Parking changes continue at Humber North campus
By Mamta Lulla and Meagan Malloch
The pay on exit method of parking is the latest revision taking place this semester around parking at Humber’s North campus.
The changes in the parking services are taking place due to gridlock and congestion in the lots, particularly in the morning when large numbers of people enter the campus at once, according to the college’s new public safety director, Pervez Ditta.
Ditta told Humber News the demand for parking spaces has grown with an increase in student population.
The number of students requesting to park is about 4400, with only 3300 parking spaces available.
Watch Ditta talk to Humber News about utilizing the limited parking spaces.
The pay on exit system takes effect in lots 4, 5, 6 and 8, while lots 2, 6A and 10 are still with the older system of advance pay and display.
Five stations have been installed around campus for students to pay when they are finished classes and are leaving Humber property.
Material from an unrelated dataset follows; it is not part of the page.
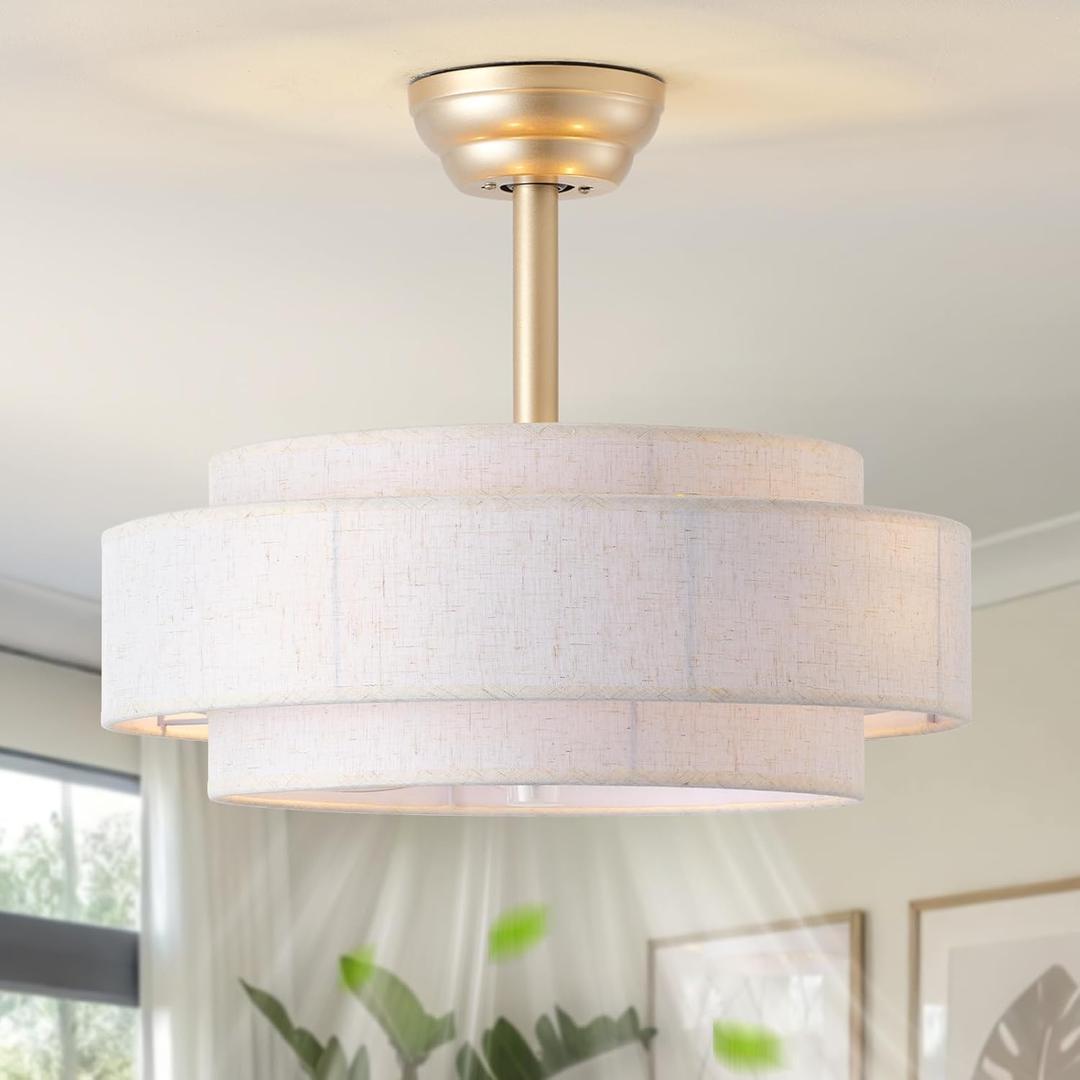 20'' Boho Fandelier Ceiling Fan with Light, Gold Fabric Chandelier with Light Remote Control, Caged with 6 Speeds for Bedroom, Nursery, Living Room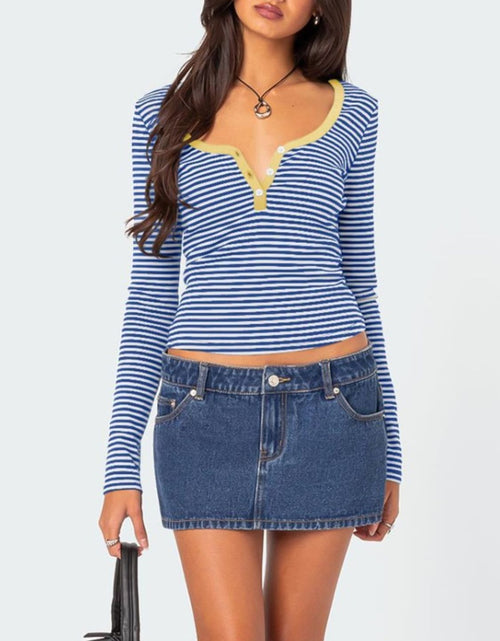 Load image into Gallery viewer, Buttoned Striped Long Sleeve T-Shirt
Two stations are located near Tim Hortons in the E building; one is located in Guelph-Humber and two others are located outside at the parking kiosk.
This is another step as part of Humber’s parking expansion that concludes in 2015.
Watch Ditta explain Humber’s long-term parking plans.
But some students are still getting used to changes that were previously put into effect over the summer.
Alyssa Kulibanoa who frequently parks at Humber said, “It’s my first time trying (the new station) but I think they should give better directions at the entrance. They told me I could pay here but I can’t.”
Yvonne Torres, another Humber student said, “I believe it’s stupid because now students can’t go out for break without having to pay for parking again because apparently you can only use the ticket once to enter. You can’t enter again.”
Ditta said security is trying to motivate students to use public transit to come to Humber. Already 80 to 85 per cent of students are using public transit and security wants to get this number up to 90 per cent in the next five years.